Hi, Don! Couldn't sleep, so I got back up.
Actually, in the corporate world (where most of these data-intensive applications exist), I'd argue it's the other way around. The need for bandwidth in this environment at an individual system is pretty low. At the aggregate it might be high, but individual systems don't need that bandwidth. On the other hand, there are more systems dedicated to managing lots of data. Most manufacturing businesses are going to have CAD systems, almost every business is going to have databases, marketing departments have graphic designers, etc.
The focus for Rambus is to appear first in these systems. Then, as it comes down the cost curve and becomes basically "free" (same cost as SDRAM), there won't be any reason not to improve the performance of the average family/small-business/general-purpose-business system. But that won't happen until 2000 or 2001, as they've already said. Personally, I think it'll happen fairly quickly, but we won't know until it does.
Re: Win 200(0/1). I don't think it will have much of an effect on Rambus. RDRAM will primarily improve the applications, not the OS. Users running NT 4.0 or Win 98 with data-intensive applications will get a benefit immediately from RDRAM.

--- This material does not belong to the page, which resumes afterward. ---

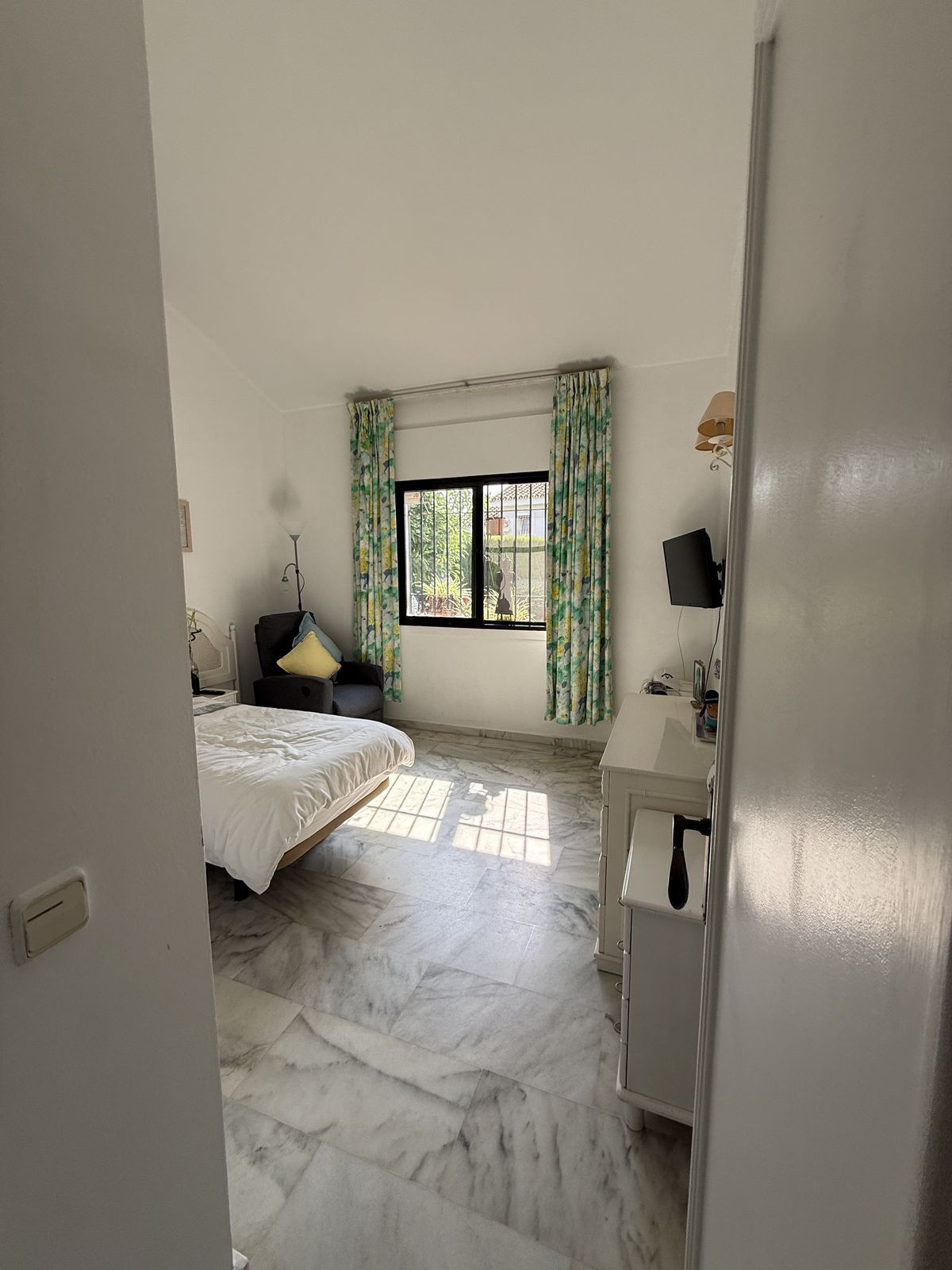 Appartement te koop in Calahonda | 4 slaapkamers H5448772
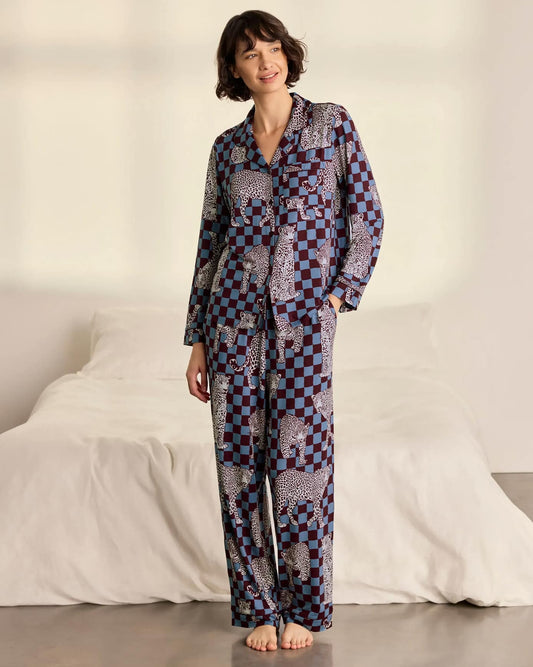 model note: Sara is 5'10" and is wearing a UK 10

As to your last paragraph, I'd agree that Rambus can't fly too far on it's own for now. Like a glider, it needs another power source to get it airborne. And that power source will be Intel. Once RDRAM is being mass-produced, however, there is still that 50% of the market that doesn't depend on Intel and which can use the benefits. Playstations, HDTVs, network switches, and on and on. If Rambus can get to a certain level of acceptance, then their success should begin to extend well beyond the Intel-dominated areas. Not that they'd ever want to lose Intel as a customer, of course. That would be bad. Very bad.
And I have no idea what the market will do other than to say with 100% certainty that it'll go up sometimes and the rest of the time it'll go down. Except when it's staying flat. <G> Hope that's helpful.